◆ PROBLEM REQUIREMENTS:
From the records below, extract only the lines running from the line with "A bowl of vegan" to the line with "A hotel room", both lines included, reproducing them exactly.

*** Opening DATA RECORDS ***

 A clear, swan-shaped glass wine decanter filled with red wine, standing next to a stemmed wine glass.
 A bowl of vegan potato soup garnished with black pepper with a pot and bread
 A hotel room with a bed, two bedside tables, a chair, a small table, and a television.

*** Closing DATA RECORDS ***
*** Opening DATA RECORDS ***

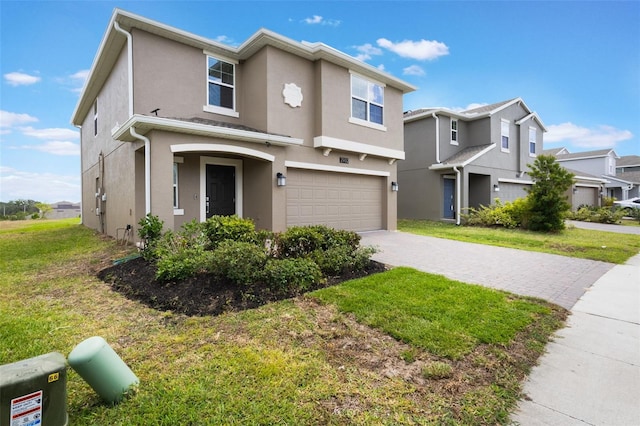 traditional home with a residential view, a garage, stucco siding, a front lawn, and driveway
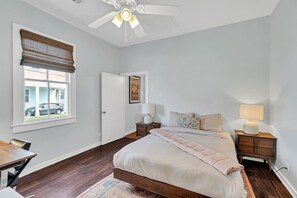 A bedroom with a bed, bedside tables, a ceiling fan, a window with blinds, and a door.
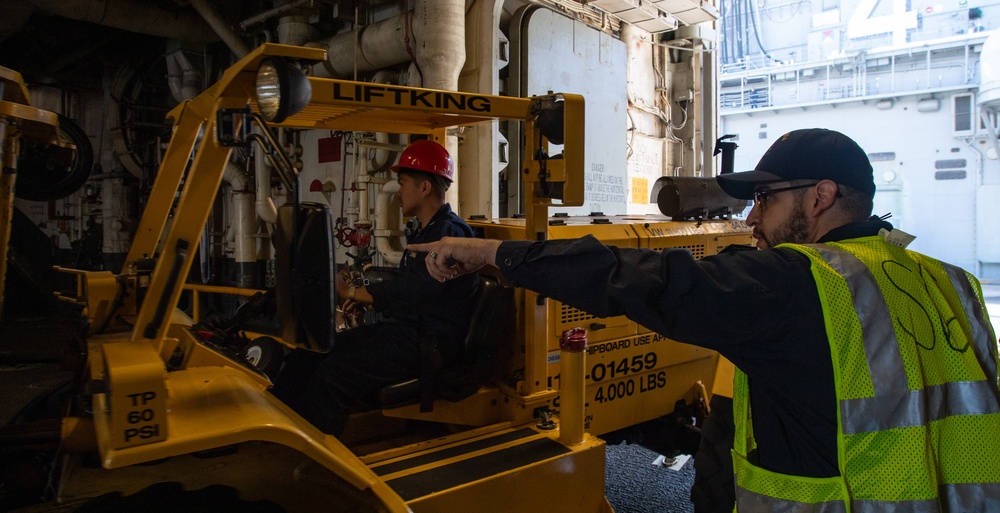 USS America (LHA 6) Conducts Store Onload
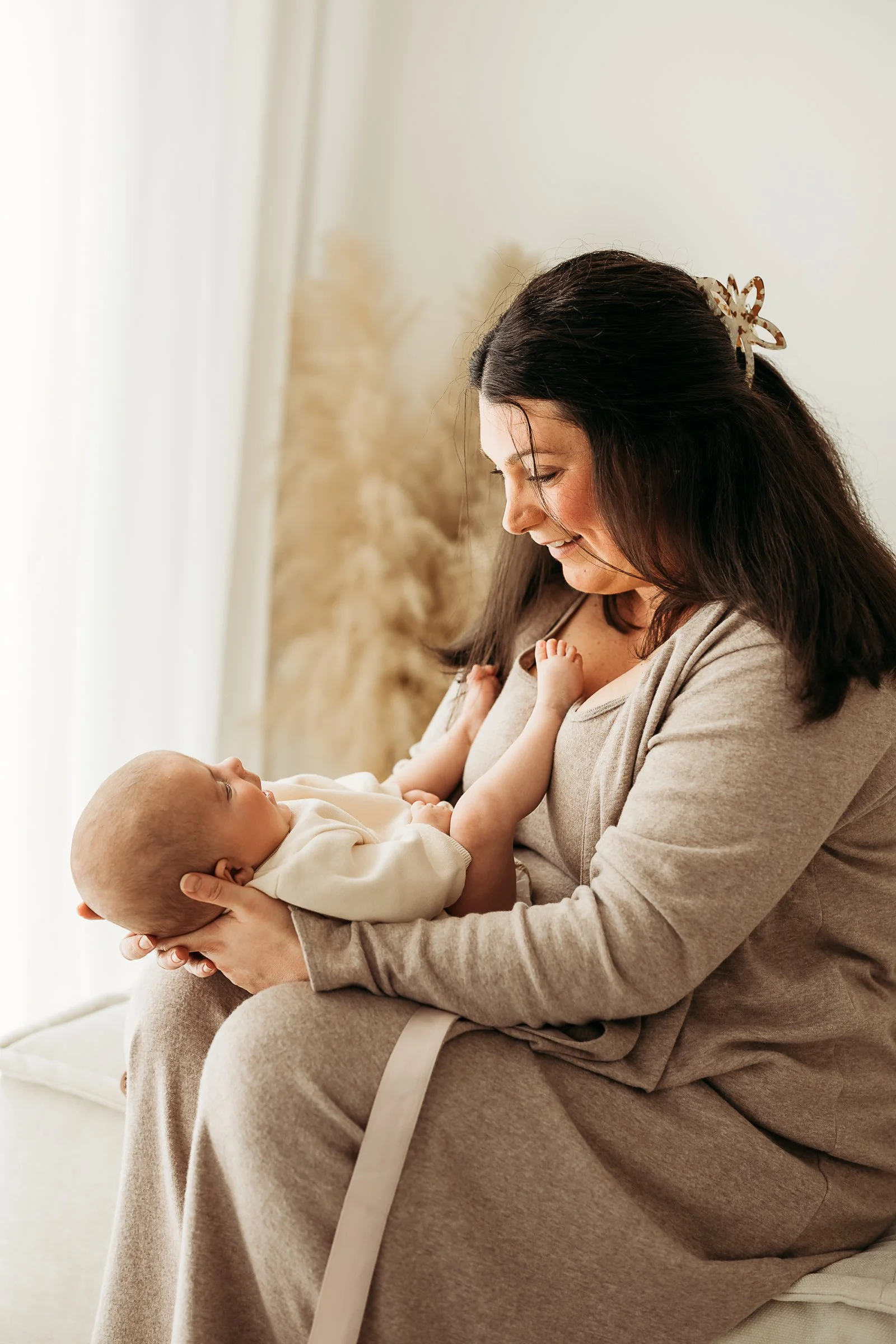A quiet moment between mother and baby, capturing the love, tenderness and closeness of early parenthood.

*** Closing DATA RECORDS ***
*** Opening DATA RECORDS ***

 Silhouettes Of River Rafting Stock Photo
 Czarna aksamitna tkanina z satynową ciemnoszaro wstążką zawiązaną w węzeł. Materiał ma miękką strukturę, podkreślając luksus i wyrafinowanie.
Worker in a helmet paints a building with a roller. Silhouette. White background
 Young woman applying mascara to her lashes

*** Closing DATA RECORDS ***

◆ FINISHED TASK:
 A bowl of vegan potato soup garnished with black pepper with a pot and bread
 A hotel room with a bed, two bedside tables, a chair, a small table, and a television.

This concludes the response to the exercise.